League	• Yeah, the first 8 or 10 lines, whatever that is. • And we can specify an option here to make it shorter or longer. head -3 config.h • But you can also give that multiple files. • So if I said `config.` here – this is pretty cool – it actually puts a little header with the filename, head -3 config. • and gives me 3 lines from that file, a blank line, and then the next file. • 3 lines from that file, blank line, and so on. • So it’s showing me the top couple of lines from each of multiple files. • And the multiple files are just based on the wildcard.
Lopes	• Using `head`, we were able to find out what the top 3 or 4 or 5 lines of each file had. • What if instead we wanted to search throughout those files for particular words or phrases?
League	• Great, there’s a perfect command for that, that you’re going to love. [Laughs] • This is one of the most powerful Unix commands that is accessible to a beginner. • And it’s called `grep`. • What you do with `grep` is you specify a word or pattern of some sort that it will search for in files. • So let’s say I want to search for a word like `Copyright`. • And the files I want to search in are what I put next. • So you could list multiple files here – like that – or you could use your wildcards to specify which files. • What if I just put star, all by itself? grep Copyright * • That will match any file at all in the current directory. • So this command says I want to see occurrences of the word `Copyright` in any file in the current directory. • And what this output does – it shows us a filename, so for example, there’s a file called `Makefile`. • And then in that file, it’s showing me only the lines that match the word `Copyright`. • So the `Makefile` seems to have 4 lines that match.
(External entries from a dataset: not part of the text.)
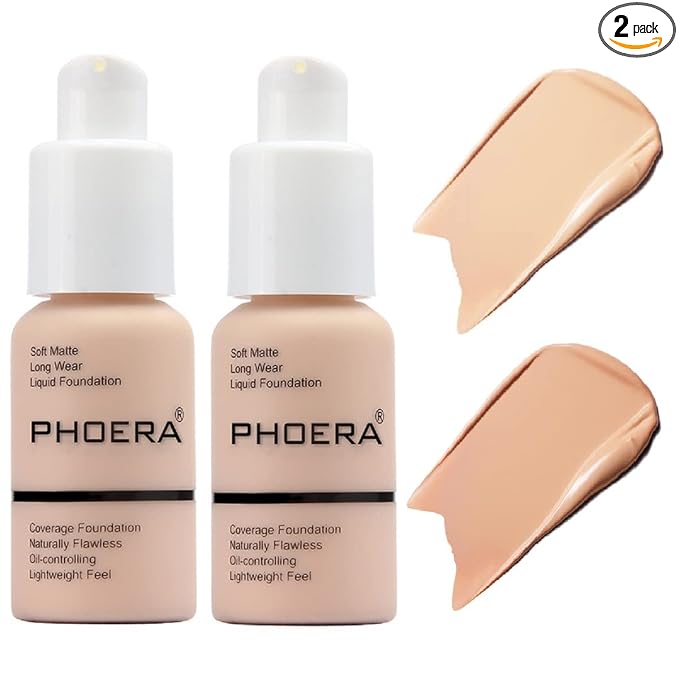 102 Nude+103 Warm Peach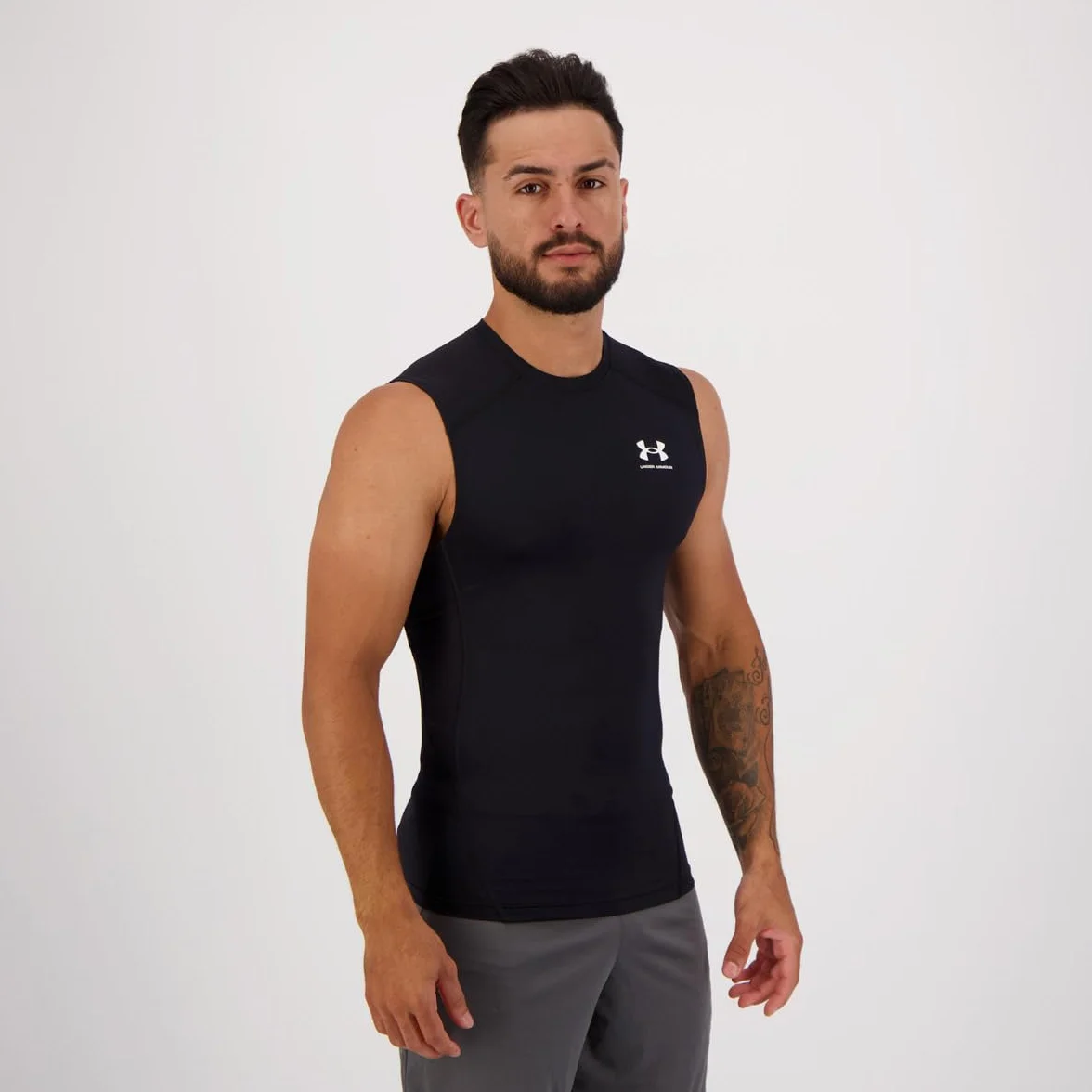 Under Armour atmungsaktives Tank Top, komfortables Funktionsshirt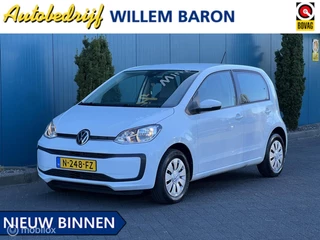Volkswagen Up! 1.0 AC | BLUETOOTH | ELEK.PAKKET | DAB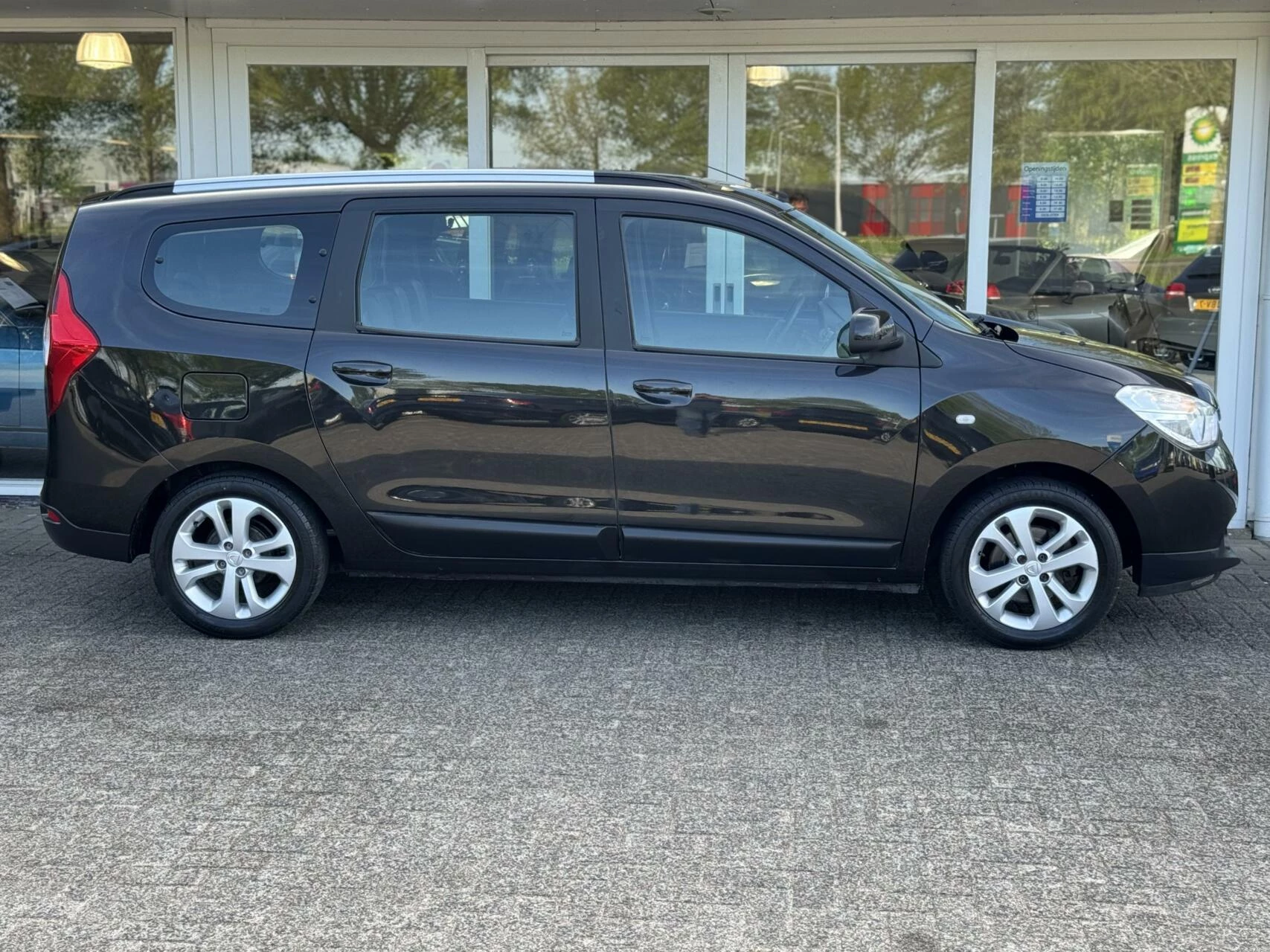 Hoofdafbeelding Dacia Lodgy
And then there’s another file called `Makefile.am` • which has one line which matches, and so on. The `README` has one line. • So that’s the basic structure of grep.
Lopes	• Now the `grep` command you just typed dumped a lot of content onto the terminal. • Is there a better way to organize or view what we’re trying to see?
League	• Yeah, one thing is that it paged off the screen, so we have to scroll up to see some of it. • And of course we know how to do a pager, so we could pipe it to `less` grep Copyright * \| less • and see only one screen at a time. That’s part of it. • But something else really cool you can do is `grep` • – at least the version from the GNU project (which we mentioned last time as well). • `grep` supports coloring its output. • So if you say double-dash color `--color` then it will give you this colorful output where grep --color Copyright * • the filenames are in purple, the text you’re looking for is in red, and then the rest of that line is black. • And that just makes it a whole lot easier to see the different matches.
Lopes	• So like most of the commands we’ve learned, it seems that `grep` has a case-sensitivity issue. • Is there a way to work around that?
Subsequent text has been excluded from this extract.